One oak that seems to have its chance of survival severely curtailed is still triumphantly with us and is worth a tiny detour off the Armagh to Loughgall road. The small settlement of Salter’s Grange is marked by a hilltop Church of Ireland church with a soaring spire (probably on the site of an older church) with its attendant conifers.
Downhill from the church on the Armagh side stands a roadside oak – never a good place for a tree, with half the roots covered in impermeable tarmac.
Approach from one side, and this appears to be a normal healthy oak. From the other, its nature as a survivor is revealed all too clearly – the trunk is completely hollow and open to the outside world.
There is a great opening in the trunk, at least 10’ high and 3’ across. The inside has been burnt, the hollow extending up into the base of the main branches. The only wood left is a shell of live wood under the bark.
A family of jackdaws nest within the tree, and are clearly possessive of it.

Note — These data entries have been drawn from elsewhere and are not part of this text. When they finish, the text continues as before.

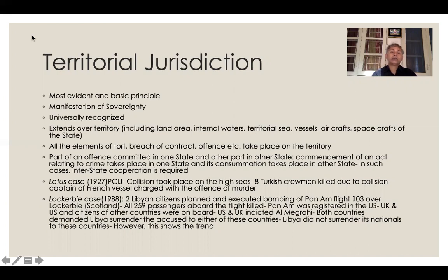Normally whenever somebody commits a crime, a tort, or a breach of contract, we think all the elements connected to the commission in question are present on the territory of one country. But if you think broader, you will find that sometimes part of an offense is committed in one state and the other part of that offense is committed in another state.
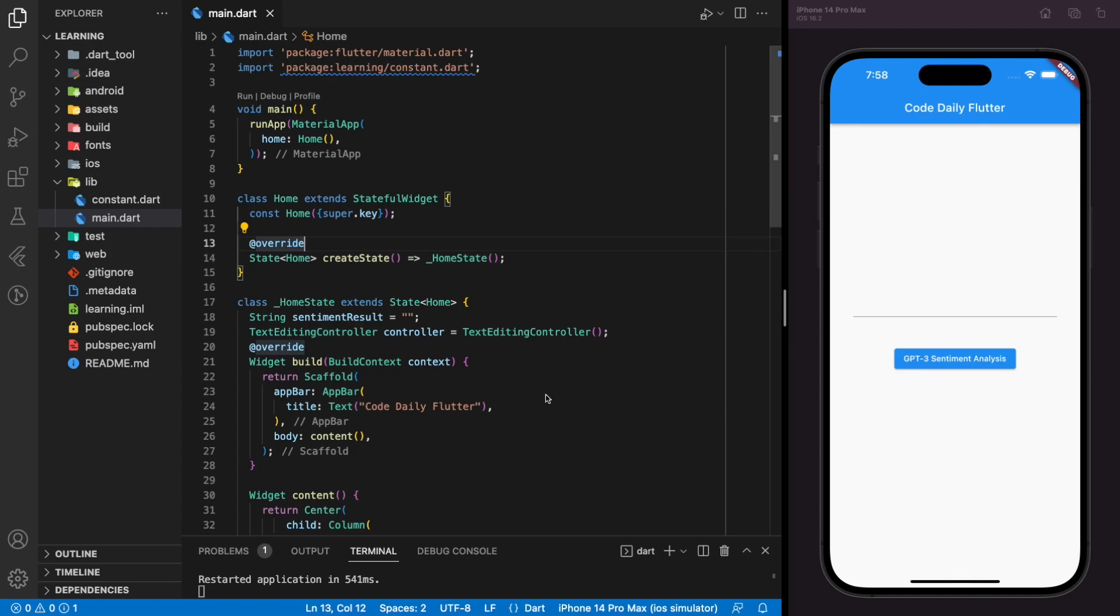Welcome back to my channel. In this tutorial, I will be showing you how to make sentiment analysis on the user input using GPT-3 model in Flutter.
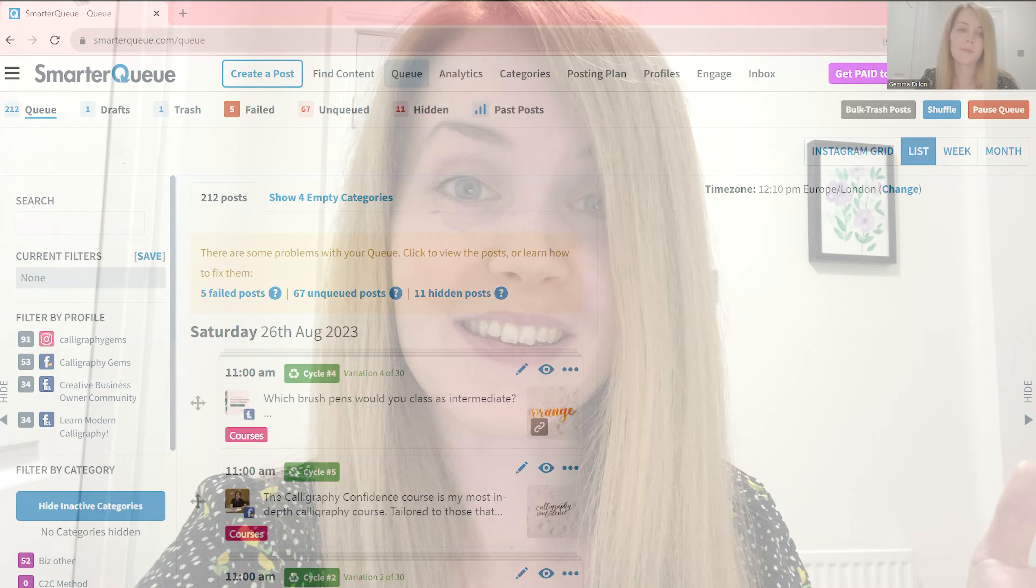Hi Gemma here, today I'm going to be showing you SmarterQueue which is my go-to social media scheduler, but it's more than just a social media scheduler. It saves you so much time which when you are self-employed and you work for yourself and you're a one-man band, it is an absolute game changer. So I'm going to walk through SmarterQueue to show you how to use it and the benefits it offers, so let's get started.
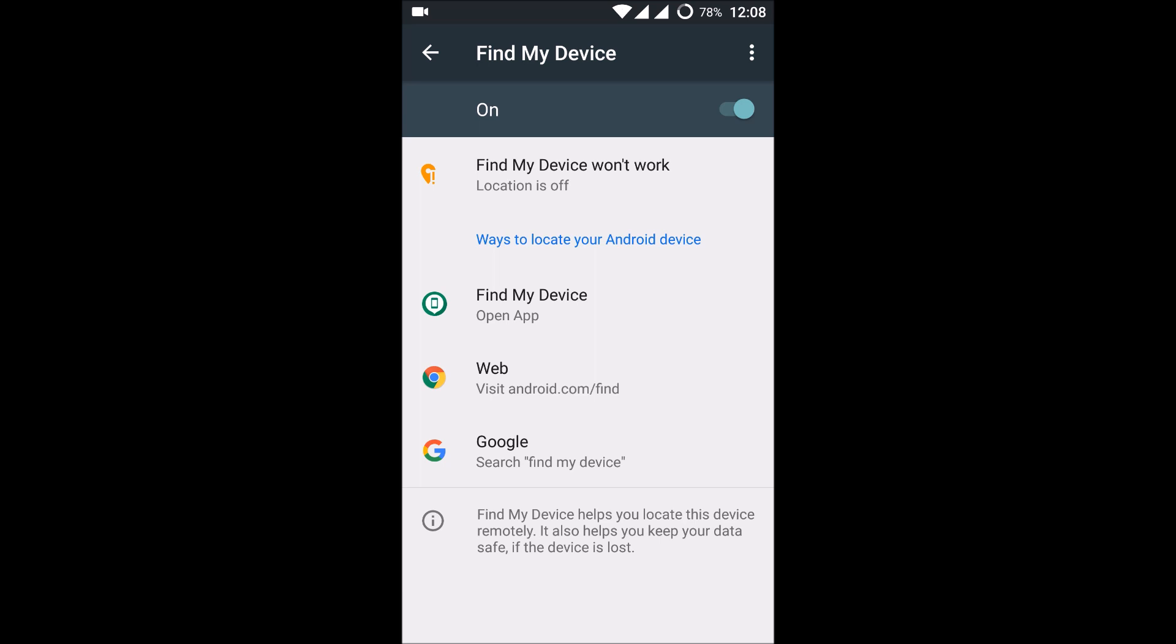If the location is on, you can trace this mobile from a laptop device. So for that, you need to go to the Chrome browser and just click on android.com/find and it will ask you to log in.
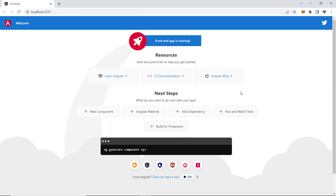This is the application running — you can edit whatever you want. We'll see a few more videos related to Angular in upcoming videos. Thank you for watching, take care, and see you in the next video!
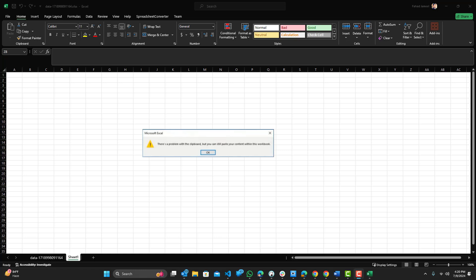Hey, what is up guys, welcome to RAM Overload. Today I'm going to show you how to solve this problem when in Excel you try to copy and paste something and you get a message saying there's a problem with this clipboard, but you can still paste your content within this workbook. So this is a really simple fix.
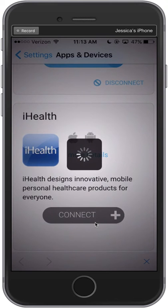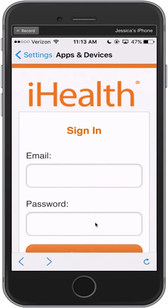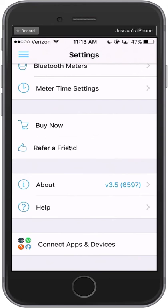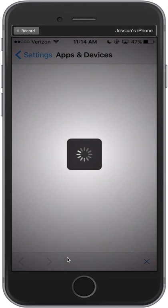Some apps may require you to enter login information before completing the connection. When you've successfully connected, you will see Connected displayed next to the app.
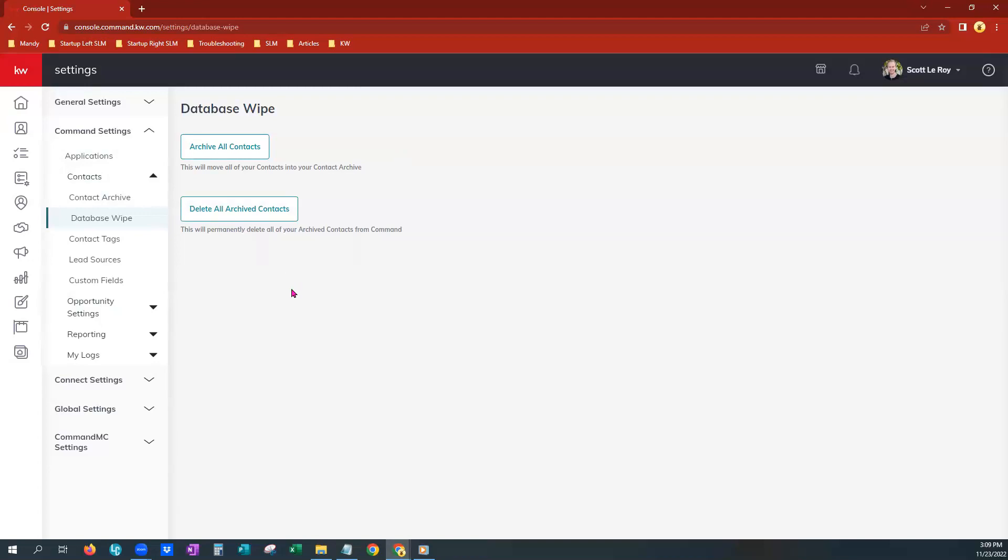So today we have covered how to archive and then delete a single contact, contacts in bulk, contacts gathering them by a certain tag, and then also how to permanently delete those archives, either one by one, in bulk, or doing a database wipe.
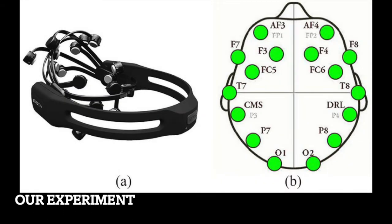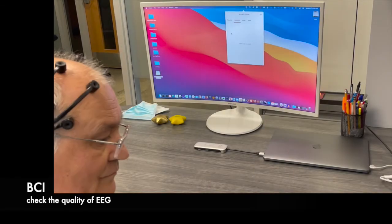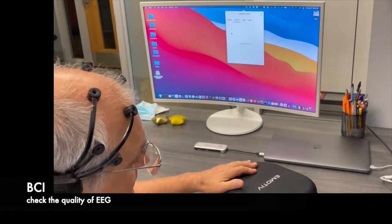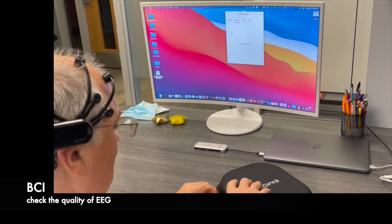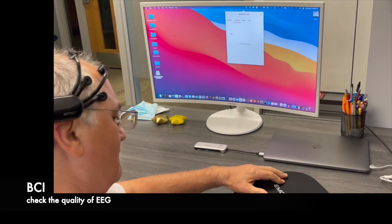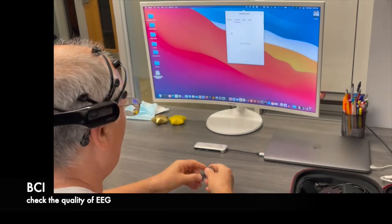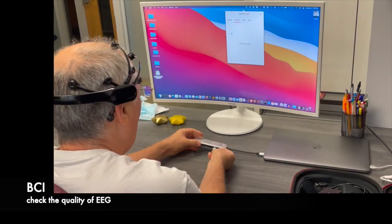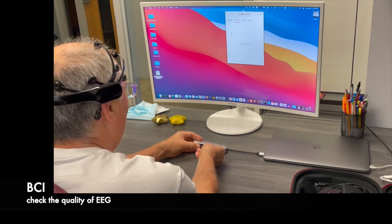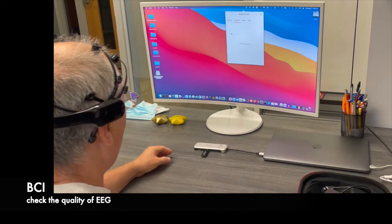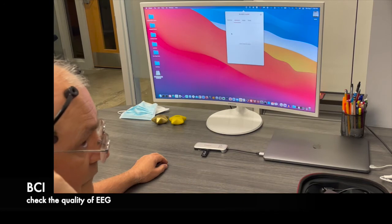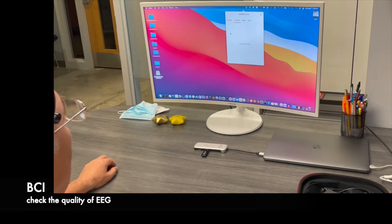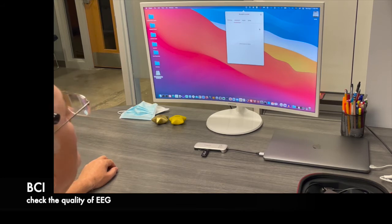So let's see the experiment that we carried out. So first, I check the quality of the EEG signal. As you notice, I opened the application. I need to connect the unit with the USB dongle to my computer now and start the unit and now I need to connect it through the software.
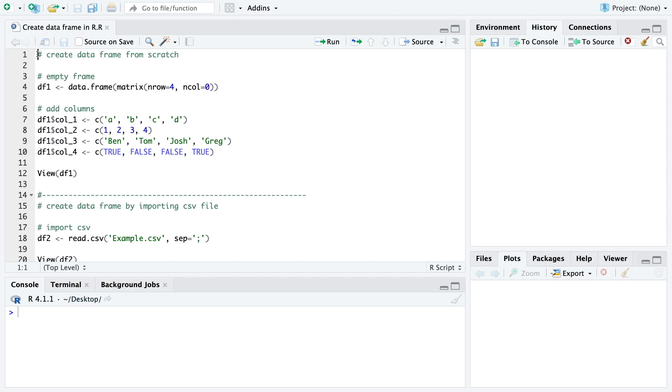Hi everyone, I hope you're all doing great. In this short R tutorial I want to show you how you can create or import a data frame in R.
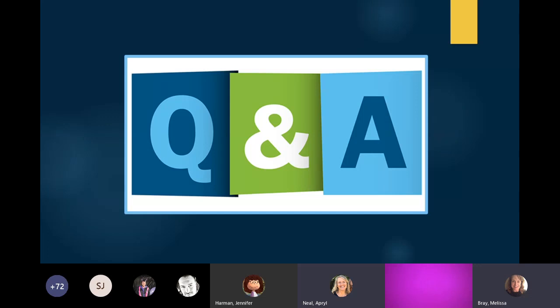There's a lot going on in the chat, so if I missed your question, repost it and we'll hit it at the next stop. I think we're ready to go on.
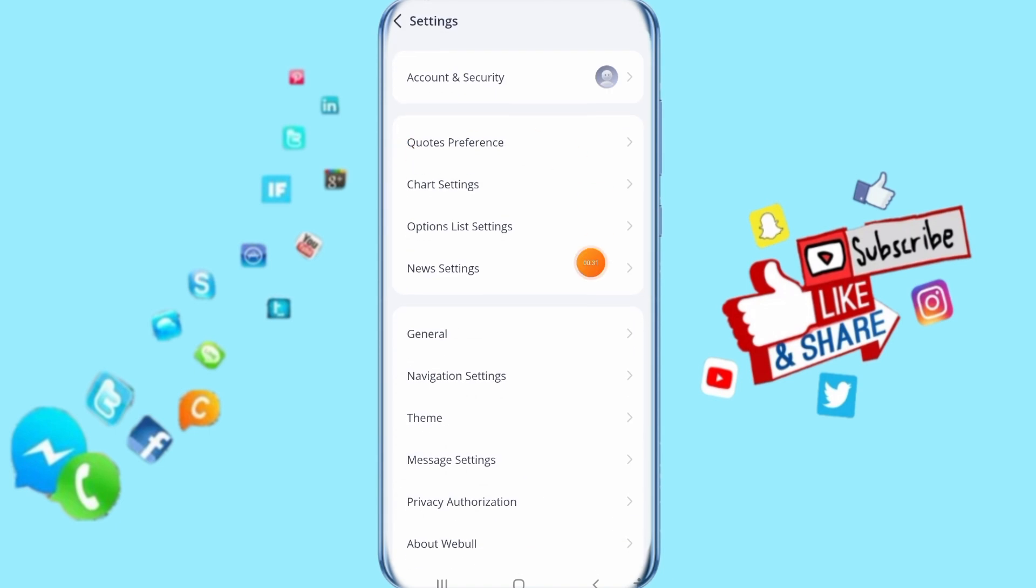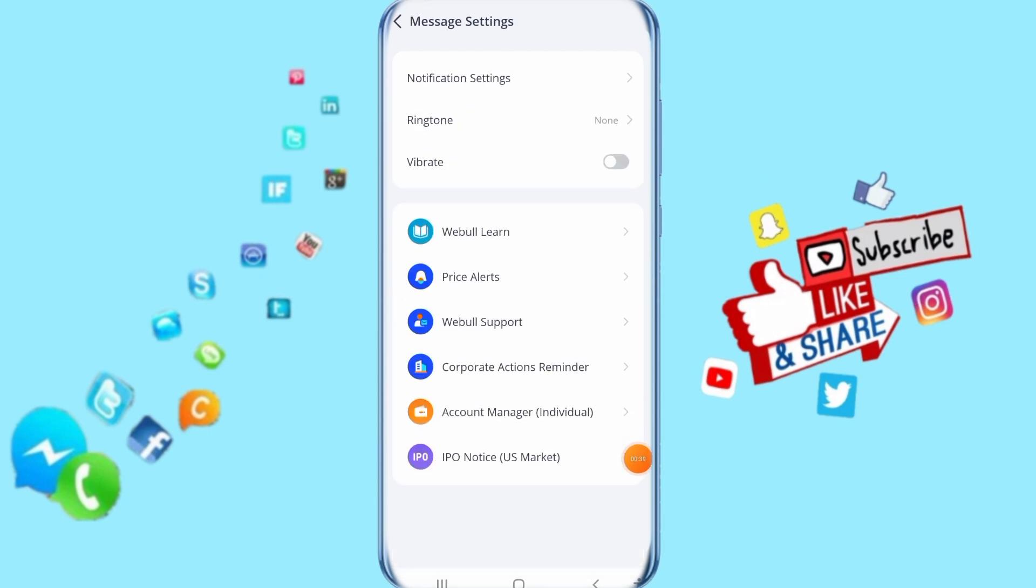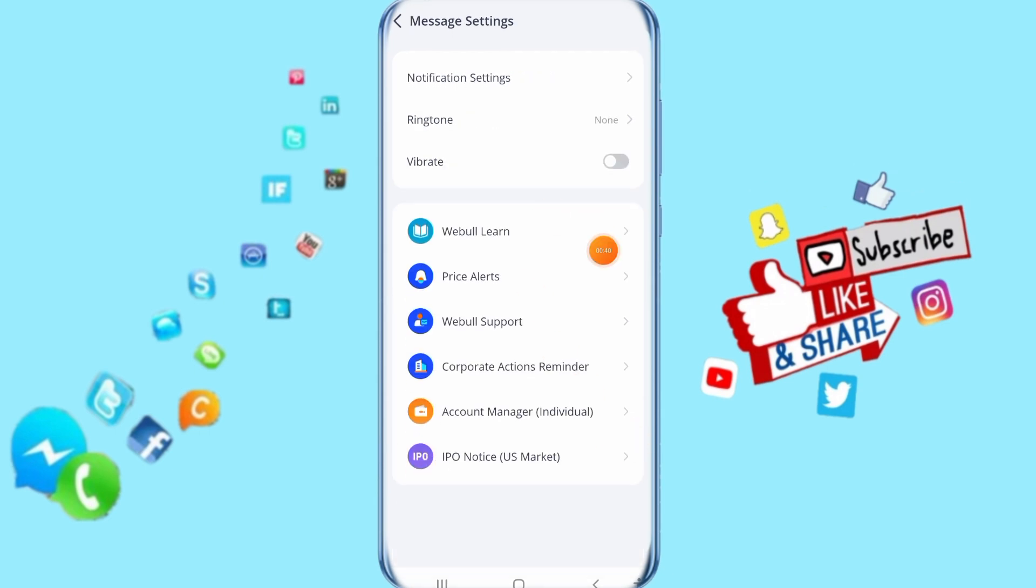In the next step, it's going to show you this screen. Click here on message settings, and then in your next step click here on Webull event.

Just to one side, a badger track across the road leads into fields. Around the base, cow parsley waves its delicate flower-heads, speckled wood butterflies flit among grasses: one roadside tree, a whole ecosystem.
After the tree had been recognised, growing peacefully in its rural roadside setting, more of its grim history was unearthed.
The tree had been known for many years as “The Bloody Oak”. It stands at the junction of the Bloody Loaning (lane) which leads to a ford on the Callan river, a tributary of the Blackwater. Here on 14th August 1598 Marshall Bagenal, in charge of the English forces based at Newry, was marching to the relief of a hard-pressed English garrison at Portmore (Blackwatertown). His force was completely overwhelmed and he was slain with 2,000 of his men at the battle of the Yellow Ford.
The Bloody Loanen was so called because it was filled by bodies of dead and injured soldiers – fugitives were hunted down and killed in the shadow of the oak, a mature tree even then. The dead branch of the tree is held to have died either because of bullets embedded in it at that time – and contemporary bullets are reported to have been removed from that part of the tree – or because it died ‘in protest’ having been used for hanging. The branch, recorded as being dead from root to tip for at least a hundred years, pointed west along the Bloody Loanen.
It is hard to picture such death and cruelty in what is now a quiet rural lane, but the tree certainly has an air of suffering. Perhaps it was burned in retribution for the part it unwittingly played in such a savage battle.
Against the odds, it survives and flourishes.